HONG KONG (BLOOMBERG) - Noble Group extended the deadline for its marathon restructuring to Dec 11 to address regulators' concerns, a week after Singapore authorities began an investigation into the embattled commodity trader's finances.
The company on Sunday (Nov 25) moved the deadline for the US$3.5 billion (S$4.8 billion) debt restructuring back by two weeks. Noble said that Singapore's Securities Industry Council extended a key waiver to allow the deadline to be pushed back. That will be taken as a positive sign by investors, suggesting that the Singapore authorities are not intent on preventing the restructuring from taking place.
The waiver is necessary for the deal to go ahead without creditors, who will control the company, being forced to make a buyout offer for its shares.
The restructuring was thrown into crisis after the Singapore authorities announced a wide-ranging investigation of the company's accounting the week before the debt revamp was due to be completed. Noble has been dogged for years by claims that its accounts have been unreliable, especially in relation to the valuation of gains on some long-term contracts. Those accusations have routinely been denied by the trader.
The authorities said last Tuesday that they are investigating suspected false and misleading statements and breaches of disclosure requirements, as well as potential non-compliance with accounting standards by Noble Resources International.

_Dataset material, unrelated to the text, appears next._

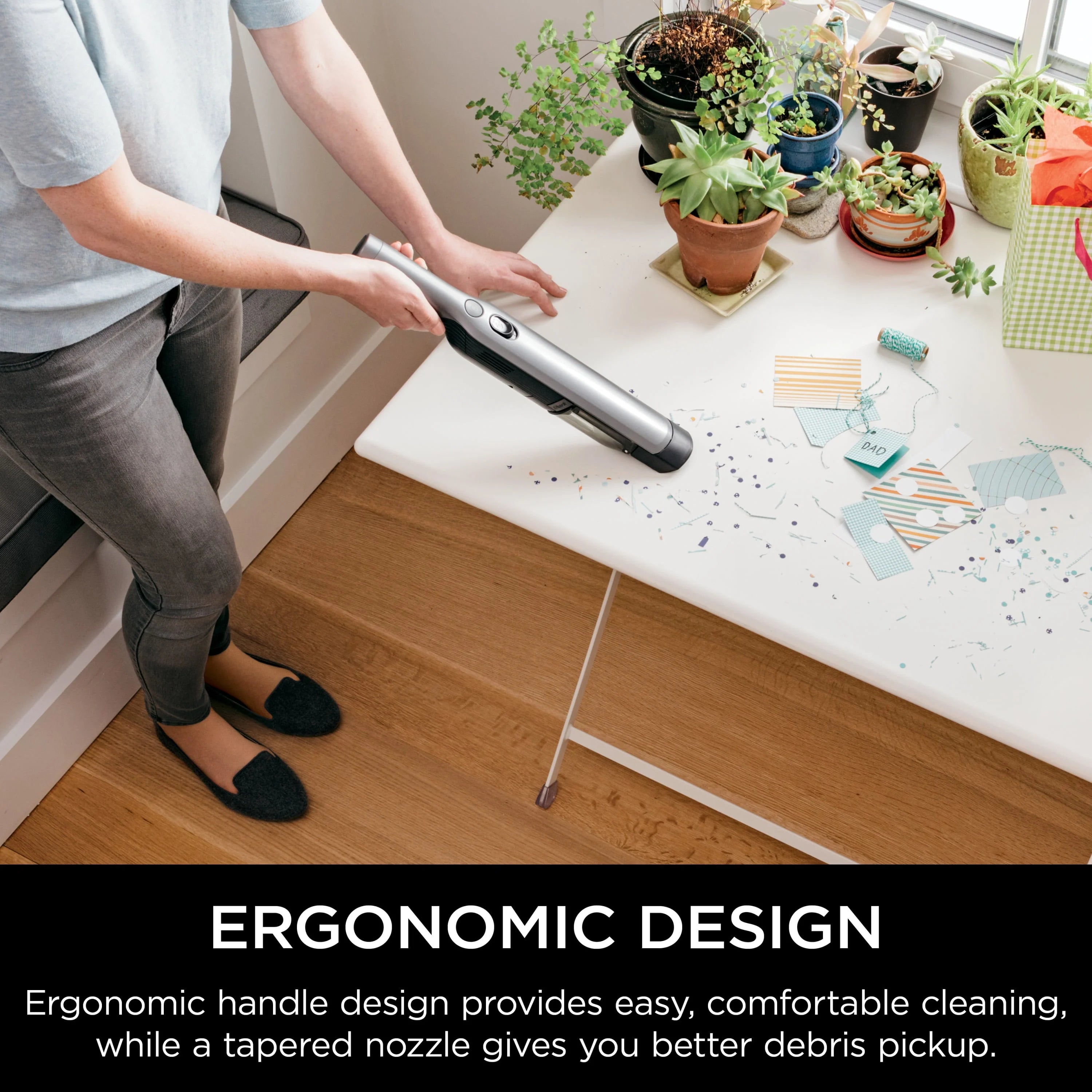 Shark WANDVAC™ Cord-Free Handheld Vacuum WV200 W54503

The delay was necessary "due to the additional time required to fully address all concerns of the regulators and to ensure that the interests of all stakeholders continue to be protected," the company said in a statement on Sunday. Noble "is continuing to fully and constructively cooperate with the authorities in their investigation".
It said it is also appointing experts to assist in responding to the technical accounting issues raised by the Accounting and Corporate Regulatory Authority (Acra).
In a separate statement, the authorities said they had been working since 2015 to gather and review information to establish a basis to probe deeper into the case. It was the review of information relating to write-downs announced in late 2017 and 2018 as well as other information that provided the basis for the authorities to commence overt investigations into potential breaches of law.
The probe is being conducted by the Commercial Affairs Department of the Singapore Police Force; the Monetary Authority of Singapore, the country's de facto central bank; and Acra.
The once US$12 billion company has lost billions in value since Iceberg Research, run by a former Noble senior credit analyst named Arnaud Vagner, published a report in 2015 claiming that the trading house's long-term contracts were probably overvalued. The company has been reduced to a rump by untenable debt and write-downs.